Losinglove’s Weblog











{March 12, 2009}   The Latest

Well since September serveral things have happened…

I have lost close to 50lbs…purged my closet from all the huge clothes that make me feel frumpy.

I went on a week long adventure photography workshop. I drove 12 hours each way by myself and pulled my awesome trailer along for the ride. When I went on the trip I was under the impression that it may be my last with the trailer. I was determined to live it up.

Being that I am a total photography novice and the workshop was directed towards working professionals I was somewhat nervous. This was something I had never done before. However, everyone was accepting and encouraging and knew nothing of my current situation.

Not only did I become a better photographer but I became a stronger person. The contemplative aloneness of driving 12 hours each way and eating/sleeping alone each night was very healing. I rocked out singing at the top of my lungs, I cried tears of joy and sadness, and I laughed until my cheeks hurt. This was definitely an experience I will never forget.

The next big thing to happen was my 30th birthday.

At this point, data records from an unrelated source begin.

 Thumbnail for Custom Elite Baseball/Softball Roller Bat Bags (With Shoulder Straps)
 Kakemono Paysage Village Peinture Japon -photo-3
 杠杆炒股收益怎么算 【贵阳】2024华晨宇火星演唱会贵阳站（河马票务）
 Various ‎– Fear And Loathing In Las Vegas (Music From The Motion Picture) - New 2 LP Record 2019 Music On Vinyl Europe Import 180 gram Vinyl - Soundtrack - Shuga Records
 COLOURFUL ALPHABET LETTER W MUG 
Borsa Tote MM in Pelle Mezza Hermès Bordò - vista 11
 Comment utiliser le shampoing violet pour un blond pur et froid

I was not looking forward to spending this day alone. On my husband’s 30th I planned a huge surprise at his work and made it a big deal…he always said that he was going to get me back on my 30th. I’ve often wondered what he was going to plan?!

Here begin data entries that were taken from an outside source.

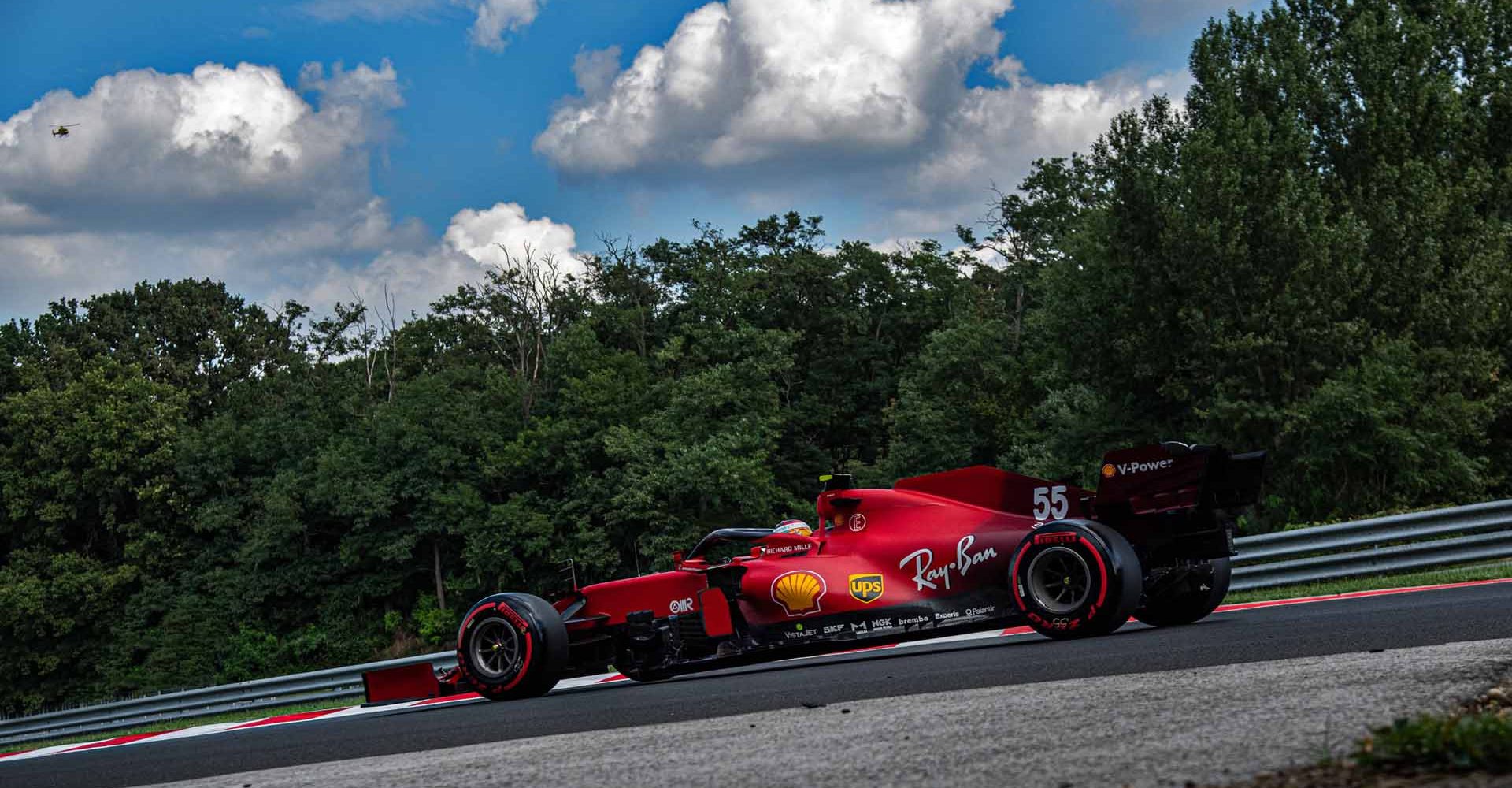 GP UNGHERIA F1/2021 - SABATO 31/07/2021 
 credit: @Scuderia Ferrari Press Office Carlos Sainz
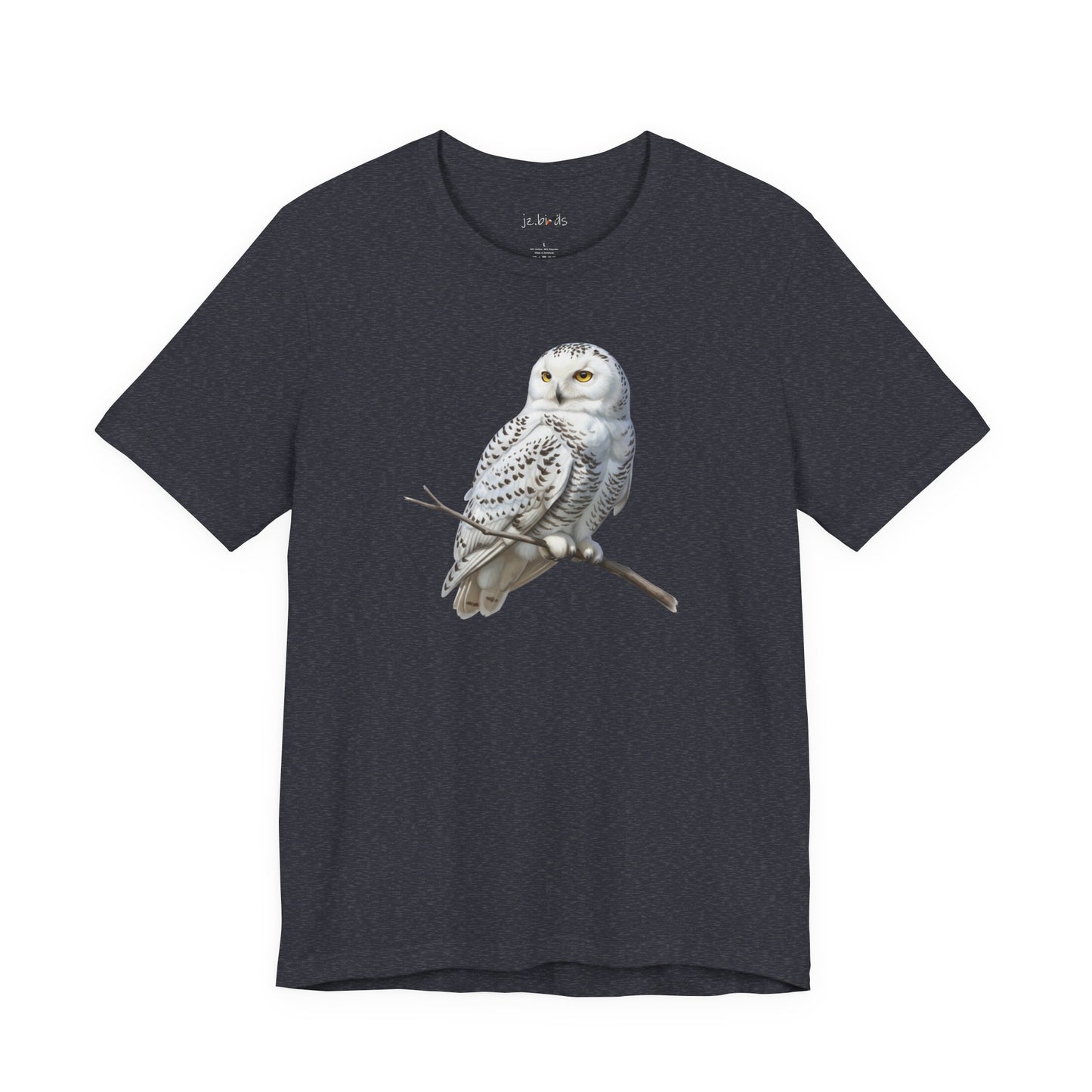 Snowy Owl T-Shirt | Unisex Bird Lover Tee | Wildlife Birder Gift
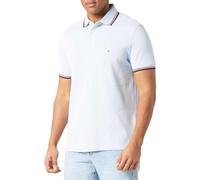 Tommy Hilfiger 1985 RWB TIPPED SLIM POLO MW0MW30750, Uomo, Blu (Breezy Blue), S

Anyway, at this same time I was thinking about all the things that I had achieved and the things that I hadn’t because of the separation. I felt like a significant change had occurred in me. To commemorate this an insane idea popped into my head. I say insane because it is something that I would have never, ever done…ask anyone who knows me. The idea was to get a tattoo. Now, being that I would have never wanted one I thought about it for a long time. I wanted to make sure that I was getting it for the right reasons. After a month and the week of my birthday I decided that yes, I would do it. I got my beautiful tattoo! It is as cliche as a tattoo can get…but I don’t care-I love it!

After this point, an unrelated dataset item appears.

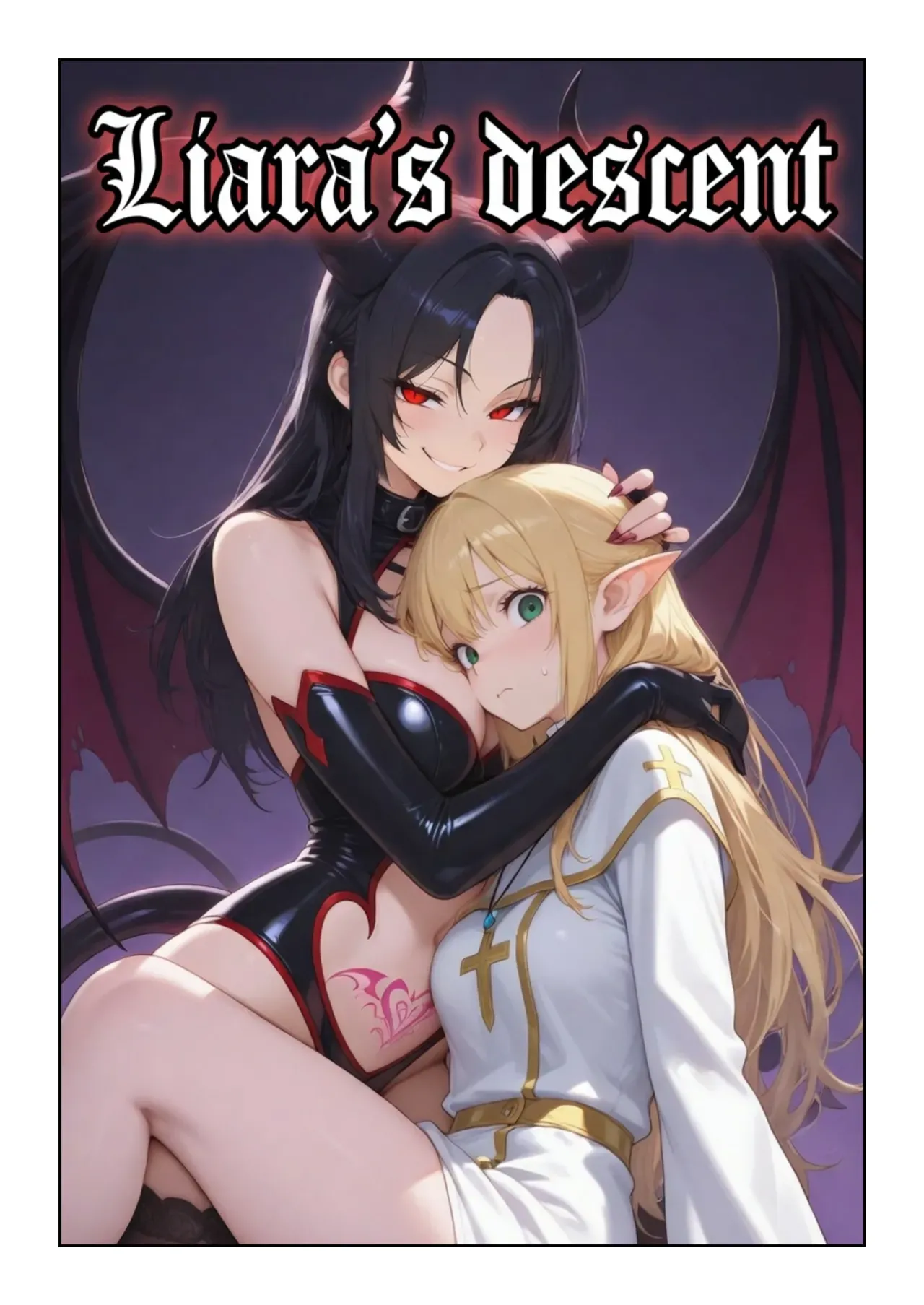 Fall of the holy paladin 2: Liara's descent | 神圣骑士的陨落2 莉亚拉堕落 (Chinese) (渊啸个人汉化) - Hentai Gallery - hentai porn - Image 1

As I neared the middle of October I started to date my rebound guy…I have a hard time admitting to this. I don’t like to think that I used someone but I feel as though I may have. I knew I was not ready to be in a relationship but I also needed to have some companionship. I needed to have a man hold me and tell me he liked what he saw. This didn’t last very long as I realized that this was not what I wanted. As bad as this may sound I kind of don’t count him as a relationship or even a rebound…he just was:-(

Somewhere in all of this my husband did finally say the D word and asked for a divorce. This became a matter of urgency since he was going to be moving out of state at the end of the month. We decided to leave the lawyers out of it and file ourselves. I, of course, did most of the work as heart breaking as it was. When the papers were ready we decided to go to the court house together. It was surreal. We hadn’t seen each other in months and here we were about to get divorced. Don’t worry though, I dressed myself up just right…not too overdone and not too underdone. I think I looked pretty damn good. I was strong, confident, and happy…I wasn’t about to let him beat me down. In fact, the security guard at the courthouse asked if we were getting married-HAH! I said, ”No, a divorce.” He chuckled and said that I looked very happy. My husband just stood in awe.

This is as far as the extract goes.